The Soviet Union had recently collapsed and the region was wide open to a lone superpower, he said.
“We never got out of there. Once we were in, we’re in forever,” Stone said.
“We’ve destabilised the entire region, created chaos. And then we blame ISIS for the chaos we created,” he added, referring to the Islamic State (IS) group that now rules swathes of Iraq and Syria.
Stone researched and wrote the series and book with Peter Kuznick, a scholar at the American University who specialises in the US nuclear strikes on Japan that ended the Second World War.
“It’s all about the oil. You remember the bumper sticker: What is our oil doing under their sand?” Kuznick told MEE.
Washington’s hunger for fuel underpins its alliance with Saudi Arabia, the CIA-backed coup against Iranian prime minister Mohammad Mosaddegh in 1953 and its support for anti-Soviet religious militants in Afghanistan in the 1980s, he said.

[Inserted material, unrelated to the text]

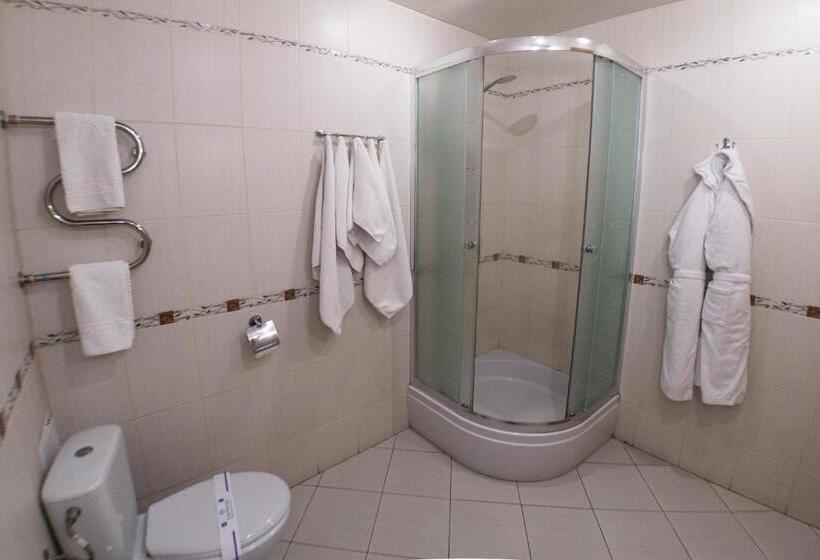 سوییت جونیور, Ternopil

“We create these messes, then we have a grand military plan to solve them. And the military solutions just don’t work,” he said.
The views of Stone and Kuznick are not likely to raise eyebrows on the streets of Cairo, Moscow or Paris.

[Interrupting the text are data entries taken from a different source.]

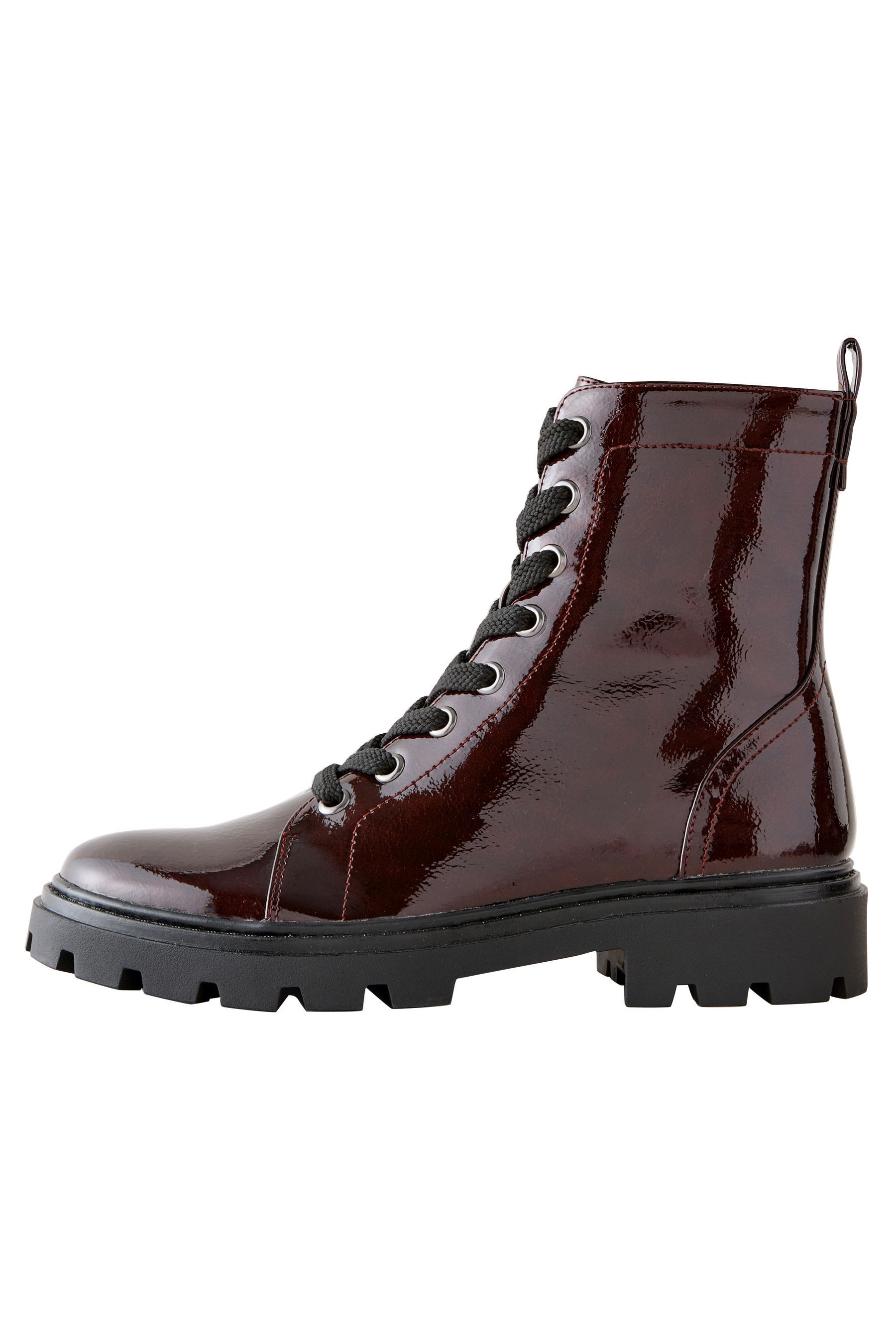 Next Forever Comfort® Schnürstiefel Schnürstiefelette (1-tlg) günstig online kaufen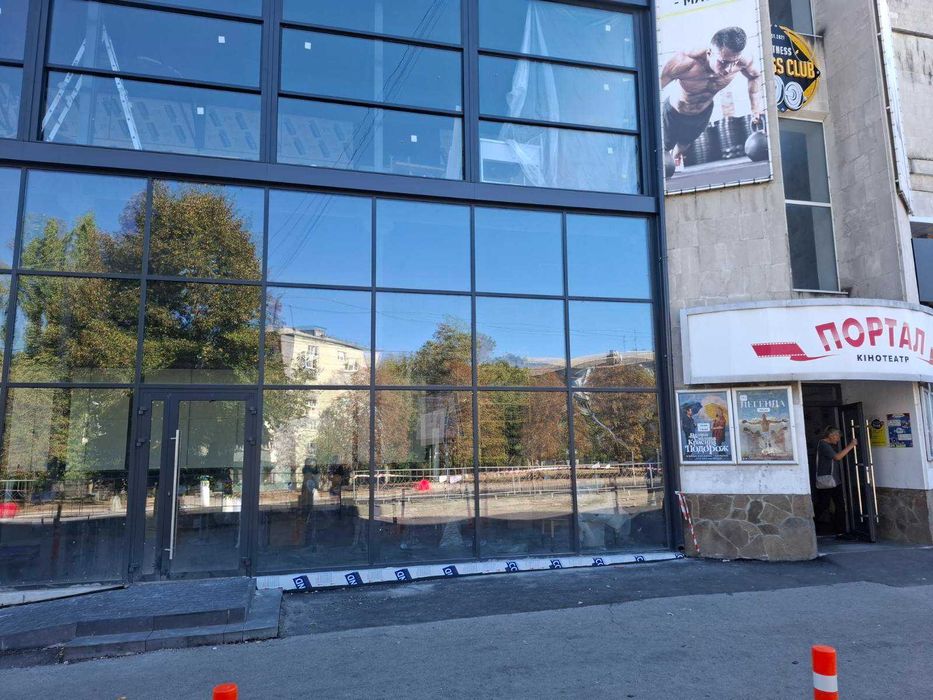 Оренда приміщення в ТЦ "Копілка" вул. Соборна,1а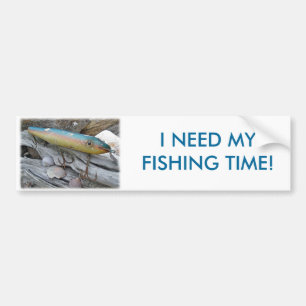 Point Jude Cape Codder Vintage Lure Series Bumper Sticker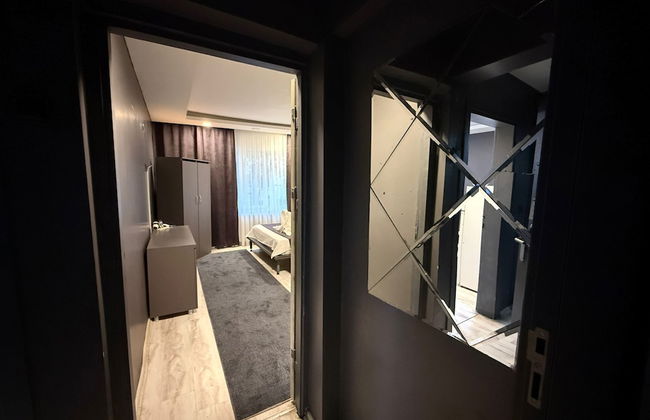 Home Suit apart otel - Foto 7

But in the US they are not mainstream.
The way Stone tells it, Americans live in a bubble and are spoon-fed information by a school system, politicians and a media that portrays the US as a beacon of stability and a force for good in the world.
In one famous example, former President Ronald Reagan called the US a “shining city on a hill”.
“It’s very comforting to be an American,” Stone said.
You get the sense that you are safe and have prosperity of material goods, and that you have enemies everywhere – Russia, China, Iran and North Korea.
You get into this cocoon where you have a big country, two oceans, but that you’re always under threat.
Stone says he understands this well because he lived it himself.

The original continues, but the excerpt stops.